# WHAT YOU NEED TO DO
Images in the data are to be skipped, while every line is restated exactly as written.

(Short web captions)
=======

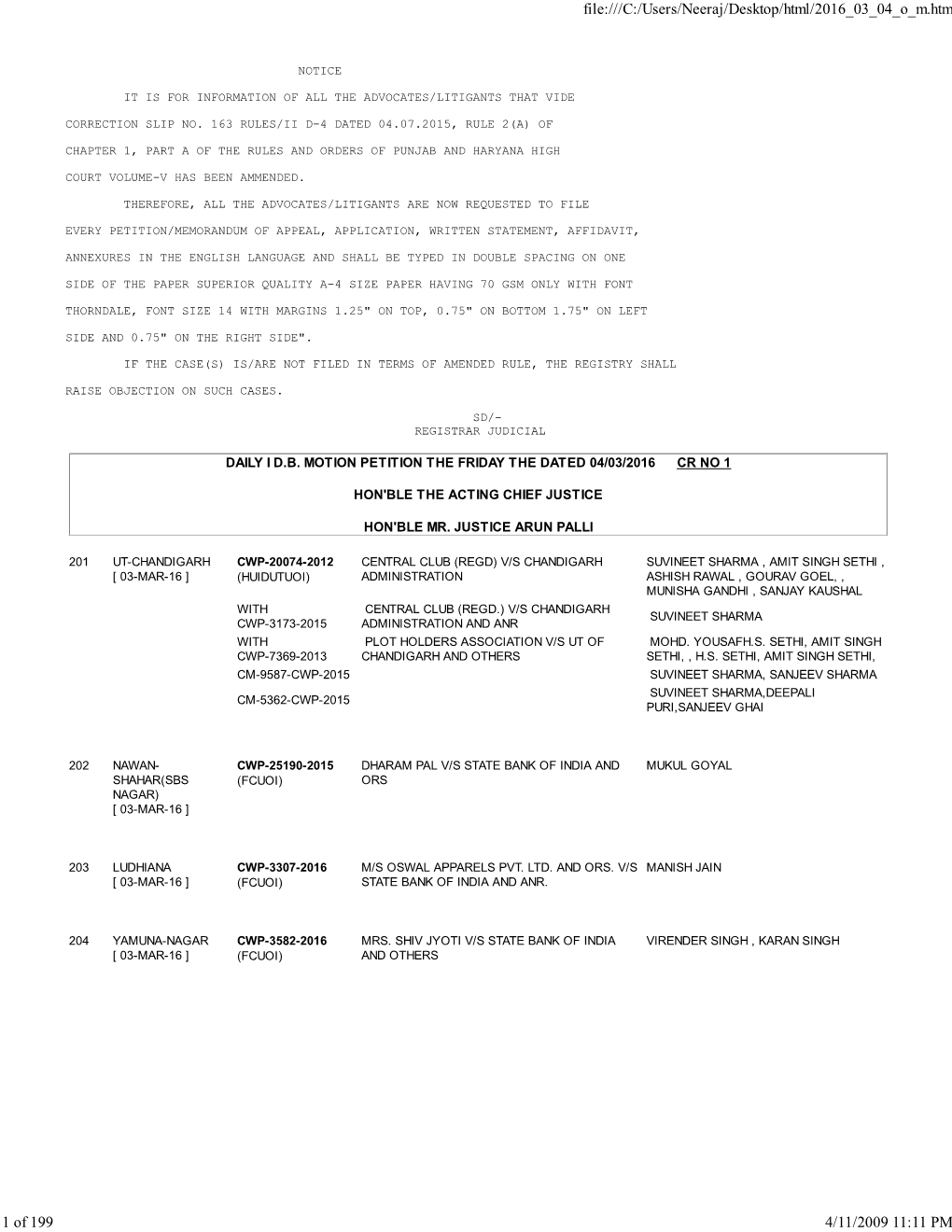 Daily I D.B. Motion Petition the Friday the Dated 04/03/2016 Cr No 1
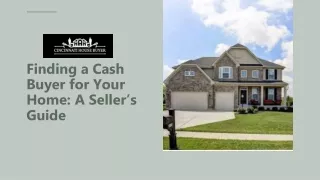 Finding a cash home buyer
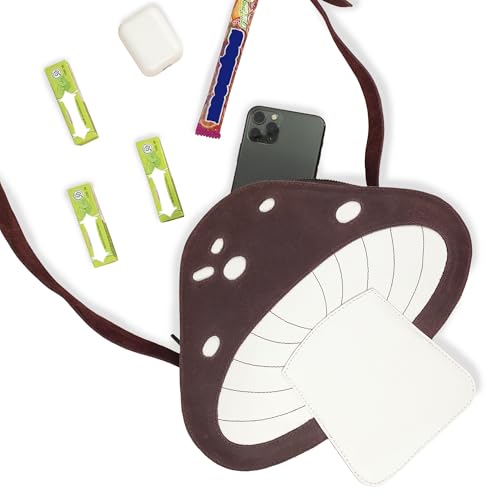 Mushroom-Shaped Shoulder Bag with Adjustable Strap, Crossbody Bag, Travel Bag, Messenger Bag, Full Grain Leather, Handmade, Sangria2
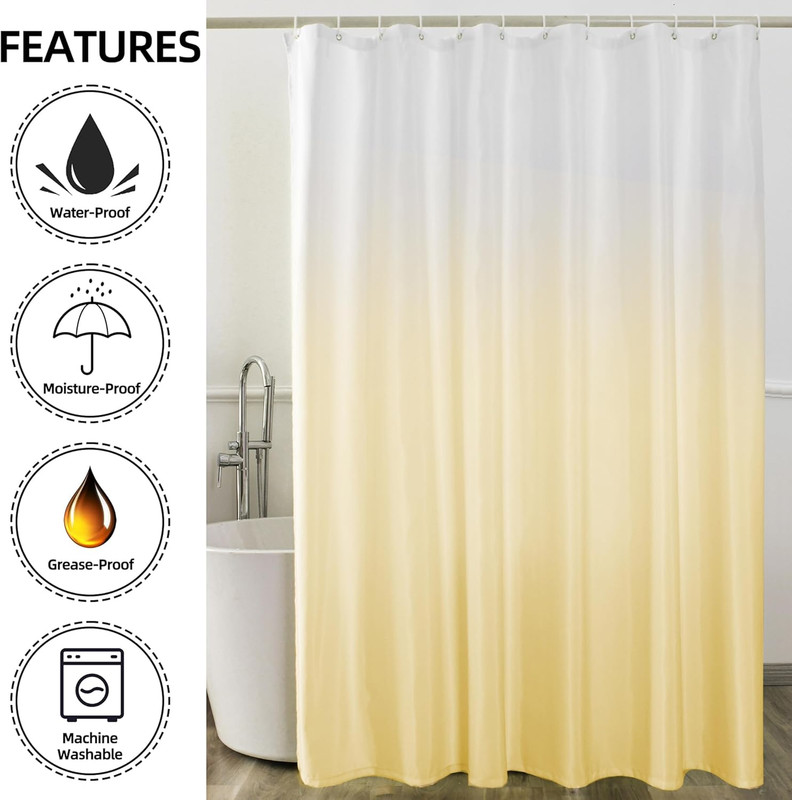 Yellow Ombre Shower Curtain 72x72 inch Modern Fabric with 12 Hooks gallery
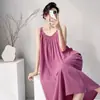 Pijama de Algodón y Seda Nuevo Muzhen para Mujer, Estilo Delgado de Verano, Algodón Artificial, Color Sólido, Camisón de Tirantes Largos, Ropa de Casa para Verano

=======

# TASK RESPONSE
 Daily I D.B. Motion Petition the Friday the Dated 04/03/2016 Cr No 1
 Finding a cash home buyer
 Mushroom-Shaped Shoulder Bag with Adjustable Strap, Crossbody Bag, Travel Bag, Messenger Bag, Full Grain Leather, Handmade, Sangria2
 Yellow Ombre Shower Curtain 72x72 inch Modern Fabric with 12 Hooks gallery
 Pijama de Algodón y Seda Nuevo Muzhen para Mujer, Estilo Delgado de Verano, Algodón Artificial, Color Sólido, Camisón de Tirantes Largos, Ropa de Casa para Verano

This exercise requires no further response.